Richard II (Vol. 39) - Introduction

Richard II

For further information on the critical and stage history of Richard II, see SC, Volumes 6 and 24.

INTRODUCTION

The first play of Shakespeare's second historical tetralogy, Richard II, chronicles the conflict which started the century-long War of the Roses. Richard II, however, is much more than a chronicle of events. The play debates the nature of legitimate kingship, explores the swirling eddies of political power, and demonstrates the power of language to create and depose a king.

Twentieth-century critics have often focused on the nature of kingship in Richard II, particularly the ways in which Shakespeare juxtaposed Richard's understanding of himself as divinely appointed with his failures as a human being. According to John R. Elliot (1968), Richard believes that as king he is directly aided by God, that he is not subject to human frailty, and that England is his to with as he pleases. Elliot argues that this mistaken notion of his role as king ultimately leads to Richard's failure. John Halverson (1994) also connects the source of Richard's failure with his own misunderstanding of kingship, maintaining that while the play presents Richard as a bad king, it is less certain about the notion of divine rights of kings. He asserts that Richard II neither "condemns" Richard nor "extols" Henry, but rather demonstrates the inherent problems in the nature of kingship itself.

Other scholars have attempted to distinguish between the divinity of the Crown and the person wearing the crown. H. M. Richmond (1967) has carefully examined the character of Richard and that of Bolingbroke, demonstrating how Richard's understanding of kingship represents the medieval view, while Bolingbroke is representative of the early modern, pragmatic sense of politics. Allan Bloom (1981) has similarly noted that Richard II brings to light the end of the old order of medieval chivalry and points toward the new order of politics and pragmatism. Robert Jones (1991), conversely, has asserted that Richard's failure is not that he represents an old order, but rather that he fails to pay heed to the lessons of the past.
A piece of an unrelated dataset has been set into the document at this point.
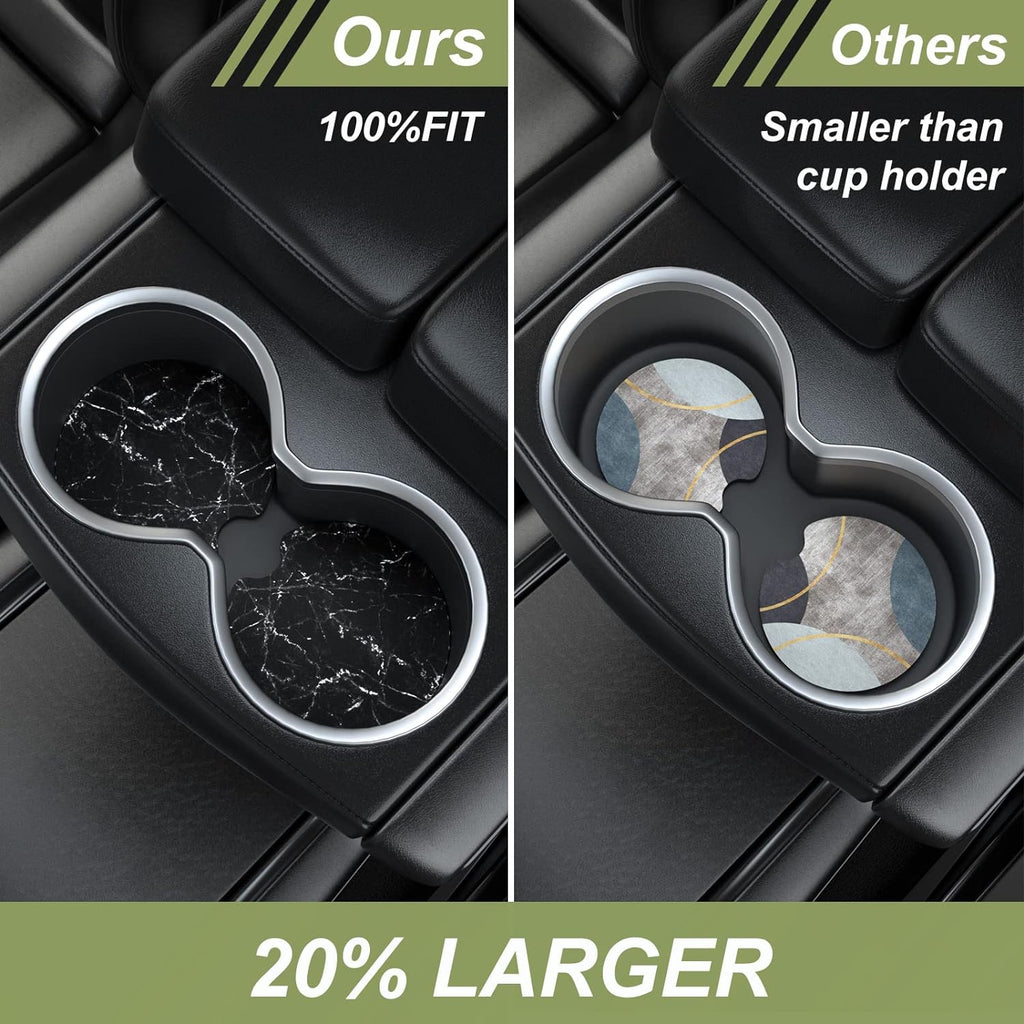 Nipichsha Car Cup Holder Coasters, Car Coasters for Cup Holders, 2 Pack Anti Slip Insert Coasters, Rubber Car Cup Mat with A Finger Notch, Cute Car Interior Accessories for Women Men(Black Marble)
The subversive nature of Richard II has continued to attract critical attention. Several commentators, including David M. Bergeron (1991), have discussed the way medieval Christian cultures embraced the topsy-turvy world of carnival in order to contain and control subversion. Bergeron maintains that it is the carnivalesque—embodied in the language, the structure, and the politics of the play—which makes Richard II an exploration of stability and subversion. Other scholars have contended that politics in Richard II reside in the family and in the patriarchal structures that maintain and reproduce the culture. Sharon Cadman Seelig (1995), for example, has demonstrated that family politics underscore national politics. She asserts that although Richard II is often read as a power struggle between the king and a usurper, it is also a play about the power struggle between fathers and sons.

Language also plays a role in the construction and the deposition of a king. Critics have compared Richard's poetic, hyperbolic, lovely language with the plain style of Bolingbroke, contending that the differences in their language styles reflect their characters and their conceptions of kingship. Further, scholars often associate Richard's language with that of medieval chivalry and Bolingbroke's with that of modern dynamism and competition. For instance, R. P. Draper (1989) has demonstrated that the rhetorical construction of Richard's last speech reveals the overturn of a particular type of world view, one in which duty to one's superiors is paramount. He argues that Richard's play with language leads him ever closer to self-knowledge; however, self-knowledge does not provide salvation for Richard. Rather, Draper asserts, the closer Richard comes to understanding that kingship is a role he has been playing, the closer he comes to understanding his own culpability for his actions.